Exercise ▸ Show every line in the records below that contains the word "Print".

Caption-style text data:
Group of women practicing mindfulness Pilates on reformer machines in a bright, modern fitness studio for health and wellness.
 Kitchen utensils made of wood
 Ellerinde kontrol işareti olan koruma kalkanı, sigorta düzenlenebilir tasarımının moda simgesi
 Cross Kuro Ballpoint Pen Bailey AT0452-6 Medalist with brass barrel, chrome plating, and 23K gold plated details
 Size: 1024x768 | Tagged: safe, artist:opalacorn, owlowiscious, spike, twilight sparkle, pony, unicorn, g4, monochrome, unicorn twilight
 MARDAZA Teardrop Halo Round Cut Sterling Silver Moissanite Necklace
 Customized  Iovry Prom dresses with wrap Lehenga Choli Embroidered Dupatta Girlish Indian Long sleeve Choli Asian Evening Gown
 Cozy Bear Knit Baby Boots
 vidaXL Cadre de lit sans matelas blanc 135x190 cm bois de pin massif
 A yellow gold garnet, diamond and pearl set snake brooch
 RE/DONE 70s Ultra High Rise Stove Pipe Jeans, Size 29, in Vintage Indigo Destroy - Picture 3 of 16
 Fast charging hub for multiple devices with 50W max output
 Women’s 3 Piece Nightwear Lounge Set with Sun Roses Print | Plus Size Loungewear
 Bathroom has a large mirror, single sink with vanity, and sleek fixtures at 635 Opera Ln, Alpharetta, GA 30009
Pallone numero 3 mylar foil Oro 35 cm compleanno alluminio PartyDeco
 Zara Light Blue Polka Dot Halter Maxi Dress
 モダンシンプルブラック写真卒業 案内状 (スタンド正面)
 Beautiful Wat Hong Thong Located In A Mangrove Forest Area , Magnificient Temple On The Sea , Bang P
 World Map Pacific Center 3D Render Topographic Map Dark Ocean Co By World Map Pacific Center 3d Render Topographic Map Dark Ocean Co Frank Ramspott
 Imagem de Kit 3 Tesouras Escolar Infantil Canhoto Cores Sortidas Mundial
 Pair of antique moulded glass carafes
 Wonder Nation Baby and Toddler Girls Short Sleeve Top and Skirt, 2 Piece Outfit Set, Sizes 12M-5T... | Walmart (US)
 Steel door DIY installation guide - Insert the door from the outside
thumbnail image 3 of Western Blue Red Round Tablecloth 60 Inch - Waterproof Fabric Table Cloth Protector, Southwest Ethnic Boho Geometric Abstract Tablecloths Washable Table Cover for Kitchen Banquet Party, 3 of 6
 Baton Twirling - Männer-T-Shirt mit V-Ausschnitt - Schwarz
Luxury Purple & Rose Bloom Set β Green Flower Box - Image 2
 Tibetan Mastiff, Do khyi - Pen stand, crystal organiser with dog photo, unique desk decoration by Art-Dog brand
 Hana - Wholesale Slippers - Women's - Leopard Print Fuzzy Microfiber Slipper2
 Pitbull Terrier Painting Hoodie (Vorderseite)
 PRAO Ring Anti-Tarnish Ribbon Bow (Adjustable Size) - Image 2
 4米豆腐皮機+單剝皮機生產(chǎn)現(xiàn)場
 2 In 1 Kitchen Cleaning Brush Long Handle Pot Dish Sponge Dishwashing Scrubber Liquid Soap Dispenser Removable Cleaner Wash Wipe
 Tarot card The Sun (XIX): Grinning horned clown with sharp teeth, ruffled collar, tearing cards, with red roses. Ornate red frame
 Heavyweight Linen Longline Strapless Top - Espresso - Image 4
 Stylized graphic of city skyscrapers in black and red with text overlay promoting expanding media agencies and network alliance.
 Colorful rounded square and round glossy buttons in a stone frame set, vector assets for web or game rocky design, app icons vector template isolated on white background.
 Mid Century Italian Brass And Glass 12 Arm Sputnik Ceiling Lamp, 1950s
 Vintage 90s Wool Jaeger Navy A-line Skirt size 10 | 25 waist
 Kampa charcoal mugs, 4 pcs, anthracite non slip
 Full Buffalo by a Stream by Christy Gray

Exercise response ▸
 Women’s 3 Piece Nightwear Lounge Set with Sun Roses Print | Plus Size Loungewear
 Hana - Wholesale Slippers - Women's - Leopard Print Fuzzy Microfiber Slipper2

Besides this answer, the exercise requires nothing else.